La traversée du ravin du ruisseau de l'Etang s'effectue sous le feu intense de l'artillerie et des mitrailleuses ennemies.
Il y a dans nos lignes ni une hésitation ni un flottement malgré des pertes déjà sensibles.

Le 3e Bataillon suivi par le 2e atteint rapidement le pied des pentes de la Main de Massiges, contourne la croupe du Bois Valet, s'engage dans le ravin compris entre le Bois de l'Arc et le Bois de la Faux.
Le passage du Bois de l'Arc au Bois de la Faux effectué par la 10e Compagnie sous le feu terrible des mitrailleuses de la tranchée Molkte est superbe de rapidité et de précision.
Désormais la position ennemie est condamnée.
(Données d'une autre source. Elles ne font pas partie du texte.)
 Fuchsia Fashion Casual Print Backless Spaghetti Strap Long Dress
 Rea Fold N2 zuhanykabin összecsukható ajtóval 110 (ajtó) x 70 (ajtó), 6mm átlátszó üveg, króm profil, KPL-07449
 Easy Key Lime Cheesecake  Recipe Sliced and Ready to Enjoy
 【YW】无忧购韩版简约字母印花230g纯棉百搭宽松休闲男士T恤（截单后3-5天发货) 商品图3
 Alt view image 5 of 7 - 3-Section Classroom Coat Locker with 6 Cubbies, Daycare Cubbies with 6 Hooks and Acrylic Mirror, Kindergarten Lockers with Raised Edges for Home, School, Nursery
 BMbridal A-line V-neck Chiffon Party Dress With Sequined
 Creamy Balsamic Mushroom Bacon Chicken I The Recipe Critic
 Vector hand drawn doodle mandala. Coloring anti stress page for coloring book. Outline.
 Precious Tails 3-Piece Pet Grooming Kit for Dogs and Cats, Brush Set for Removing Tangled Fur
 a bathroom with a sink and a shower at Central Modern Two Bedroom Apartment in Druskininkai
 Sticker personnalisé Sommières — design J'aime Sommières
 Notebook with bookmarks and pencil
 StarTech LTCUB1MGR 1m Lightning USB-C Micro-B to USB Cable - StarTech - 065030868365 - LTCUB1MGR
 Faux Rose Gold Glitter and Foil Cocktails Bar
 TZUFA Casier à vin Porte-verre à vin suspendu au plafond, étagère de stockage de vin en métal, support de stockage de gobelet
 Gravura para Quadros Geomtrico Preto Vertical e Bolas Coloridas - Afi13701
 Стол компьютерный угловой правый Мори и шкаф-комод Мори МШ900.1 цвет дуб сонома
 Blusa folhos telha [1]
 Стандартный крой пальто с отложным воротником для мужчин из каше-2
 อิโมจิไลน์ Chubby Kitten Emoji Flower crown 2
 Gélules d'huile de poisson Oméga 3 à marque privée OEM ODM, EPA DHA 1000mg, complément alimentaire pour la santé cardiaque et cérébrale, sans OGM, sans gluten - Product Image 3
La 10e Compagnie progressant par le Bois de la Faux, les 11e et 12e par le Bois de l'Arc avec une rapidité foudroyante tombent à la baïonnette dans la tranchée ennemie à 15h 30.
L'ennemi surpris, désemparé se rend à la 10e et à la 11e Compagnies.
Plusieurs mitrailleuses, plus de 50 prisonniers valides tombent entre nos mains.
La tranchée ennemie est encombrée de cadavres et de blessés, et un Hauptmann blessé, couché à terre nous avoue que "devant nous, il n'y a plus rien, plus de réserves" ; il sentait passer le frisson de la défaite.

 

 

Le Boche est disloqué, débordé, et une de nos patrouilles surprend dans un poste de secours un médecin allemand faisant des pansements comme si les Français étaient loin encore, le ramène avec ses infirmiers et ses blessés.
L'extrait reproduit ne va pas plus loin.